It was a great season, and though the Washington Wizards competed throughout the series, they came up short. After battling back from a double digit deficit in the fourth quarter, the Wizards were unable to generate enough offense to build on a one point lead, eventually going on to lose 93-80.
Before recapping Washington’s performance, I have to credit David West for leading the Pacers to the Eastern Conference Finals tonight. Whenever the Wizards gained momentum, West responded with a big bucket in crunch time. I jokingly called him “David Nowitzki” on Twitter, but it honestly looked like he wasn’t going to miss a shot all game long from the mid-range area. He finished the game with 29 points.
Unlike in Game 5 where Washington obliterated the Pacers at Indiana, John Wall looked hesitant to start the game. Instead of attacking the basket, he forced a few bad passes, which resulted in turnovers and never really got into a groove. When he did attack the basket, he wasn’t able to draw enough contact to get a foul call. Wall finished the game with 12 points on 16 shot attempts to go along side 9 assists.
Wall’s backcourt mate, Bradley Beal, didn’t have a great shooting night either. Both Wall and Beal struggled to knock down shots from the outside, and once they missed a few consecutive shots early in the first quarter, the Pacers were able to build on a lead. With that said, Beal did knock down a clutch three point shot in the fourth quarter to give Washington a one point advantage–a lead the Wizards obviously failed to take advantage of. He finished the game with 16 points on 19 shot attempts.

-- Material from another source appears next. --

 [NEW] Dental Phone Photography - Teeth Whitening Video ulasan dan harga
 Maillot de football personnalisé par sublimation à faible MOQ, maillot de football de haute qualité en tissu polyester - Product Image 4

Marcin Gortat was spectacular in Game 5 and he started Game 6 in similar fashion, as he hit a few tough turnaround shots in the post over Roy Hibbert. Gortat has been solid all year long, but he’s been really effective in the NBA Playoffs and that continued tonight in Washington. Gortat scored 19 points, but wasn’t nearly as good on the glass as he was in Game 5, as he grabbed just 6 rebounds. Nene chipped in with 15 of his own points, but Washington wasn’t able to get much contribution from Trevor Ariza, who scored just 6.
Even though the series is over, the Washington Wizards have grown a lot over the past month or so. John Wall (23 years old) and Bradley Beal (20 years old) have gained an invaluable experience competing on one of the biggest stages the NBA has to offer. It would’ve been nice to get a second round playoff win at home, but Washington competed against two of the “toughest” defensive teams in the NBA Playoffs and will undoubtedly grow from this experience.